Casey Ryan eBook

This eBook from the Gutenberg Project consists of approximately 232 pages of information about Casey Ryan.

Casey Ryan eBook

This eBook from the Gutenberg Project consists of approximately 232 pages of information about Casey Ryan.

“H’lo, Casey!  Give yuh a chance to win back some of your losin’s, if you’re game to try it again,” called a man from the far end of the room.

Casey swore and hobbled back to him, let himself stiffly down into a chair and dropped his crutches with a rattle of hard wood.  Being a cripple was growing painful, besides being very inconvenient.  The male half of Lund had practically suspended business that day to hover around him and exchange comments upon his looks.  Casey had received a lot of sympathy that day, and only the fact that he had remained sequestered behind the curtained arch that cut across the rear of The Club saved him from receiving a lot more.  But of course there were mitigations.  Since walking was slow and awkward, Casey sat.  And since he was not a man to sit and twiddle thumbs to pass the time, Casey played poker.  That is how he explained it afterwards.  He had not intended to play poker for twenty-four hours, but tie up a man’s leg so he can’t walk, and he’s got to do something.

Wherefore Casey played,—­and did not win back what he had lost earlier in the day.  Daylight grew dim, and some one came over and lighted a hanging gasoline lamp that threw into tragic relief the painted hollows under Casey’s eyes, which were beginning to look very bloodshot around the blue of them.

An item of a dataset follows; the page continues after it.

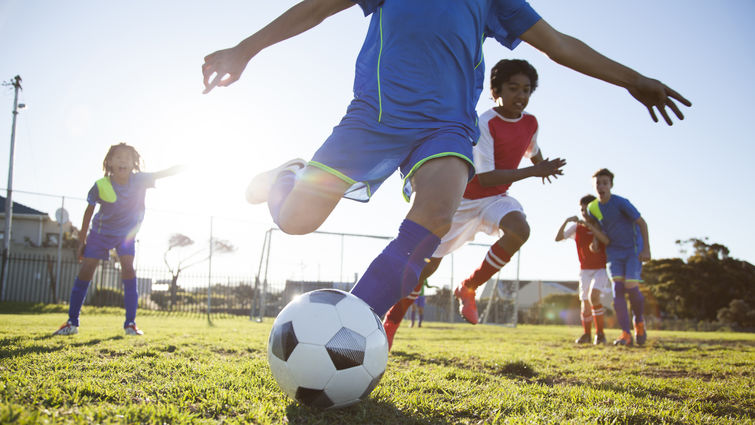 Close up of boy wearing a blue soccer uniform kicking soccer ball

Once, while the bartender was bringing drinks—­you are not to infer that Casey was drunk; he was merely a bit hazy over details—­Casey pulled out his dollar watch and looked at it.  Eight-thirty—­the show must be pretty well started, by now.  He thought he might venture to hobble over to Bill’s and have those dog-gone straps taken off before he was crippled for sure.  But he did not want to do anything to embarrass the show lady.  Besides, he had lost a great deal of money, and he wanted to win some of it back.  He still had time to make that train, he remembered.  It was reported an hour late, some one said.

So Casey rubbed his strapped leg, twisting his face at the cramp in his knee and letting his companions believe that his accident had given him a heritage of pain.  He hitched his lifted shoulder into an easier position and picked up another unfortunate assortment of five cards.

At ten o’clock Bill, the garage man, came and whispered something to Casey, who growled an oath and reached almost unconsciously for his crutches before trying to get up; so soon is a habit born in a man.

“What they raisin’ thunder about?” he asked apathetically, when Bill had helped him across the gutter and into the street.  “Didn’t the crowd turn out like they expected?” Casey’s tone was dismal.  You simply cannot be a cripple for twenty-four hours, and sit up playing unlucky poker all night and all day and well into another night, without losing some of your animation; not even if you are Casey Ryan.  “Hell, I missed that train again,” he added heavily, when he heard it whistle into the railroad yard.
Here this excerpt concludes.